DATA FOR REVIEW -
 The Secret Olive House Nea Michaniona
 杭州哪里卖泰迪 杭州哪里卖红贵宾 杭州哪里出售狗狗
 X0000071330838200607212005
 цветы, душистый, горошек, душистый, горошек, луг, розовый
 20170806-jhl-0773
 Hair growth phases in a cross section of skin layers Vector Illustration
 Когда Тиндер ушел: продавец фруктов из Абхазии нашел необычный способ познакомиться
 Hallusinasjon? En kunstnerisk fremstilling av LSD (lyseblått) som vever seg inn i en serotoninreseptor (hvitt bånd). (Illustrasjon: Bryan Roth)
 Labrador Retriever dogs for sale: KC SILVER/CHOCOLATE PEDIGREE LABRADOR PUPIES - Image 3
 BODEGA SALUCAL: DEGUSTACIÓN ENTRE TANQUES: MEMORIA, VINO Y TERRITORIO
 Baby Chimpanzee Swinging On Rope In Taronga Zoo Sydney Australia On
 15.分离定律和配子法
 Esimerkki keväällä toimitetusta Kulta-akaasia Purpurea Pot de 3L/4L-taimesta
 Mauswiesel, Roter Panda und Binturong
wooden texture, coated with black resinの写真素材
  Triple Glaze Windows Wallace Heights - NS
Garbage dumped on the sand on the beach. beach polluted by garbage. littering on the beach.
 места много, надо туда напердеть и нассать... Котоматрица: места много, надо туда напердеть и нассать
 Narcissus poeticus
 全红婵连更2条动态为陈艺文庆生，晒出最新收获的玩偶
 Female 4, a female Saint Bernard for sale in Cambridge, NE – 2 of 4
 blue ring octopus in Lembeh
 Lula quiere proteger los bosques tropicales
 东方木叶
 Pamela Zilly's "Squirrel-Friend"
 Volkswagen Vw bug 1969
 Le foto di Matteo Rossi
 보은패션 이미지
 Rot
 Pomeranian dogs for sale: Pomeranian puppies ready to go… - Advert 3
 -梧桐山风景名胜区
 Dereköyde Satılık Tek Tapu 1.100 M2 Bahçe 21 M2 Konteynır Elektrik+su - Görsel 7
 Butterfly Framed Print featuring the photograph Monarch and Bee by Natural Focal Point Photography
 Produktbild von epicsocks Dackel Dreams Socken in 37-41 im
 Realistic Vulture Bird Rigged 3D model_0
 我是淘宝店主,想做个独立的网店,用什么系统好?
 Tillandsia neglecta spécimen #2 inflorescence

TASK REQUIREMENTS - Reproduce exactly the line containing "Butterfly Framed Print" and all lines after it through the end of the listing above; leave out every earlier line.

TASK OUTPUT -
 Butterfly Framed Print featuring the photograph Monarch and Bee by Natural Focal Point Photography
 Produktbild von epicsocks Dackel Dreams Socken in 37-41 im
 Realistic Vulture Bird Rigged 3D model_0
 我是淘宝店主,想做个独立的网店,用什么系统好?
 Tillandsia neglecta spécimen #2 inflorescence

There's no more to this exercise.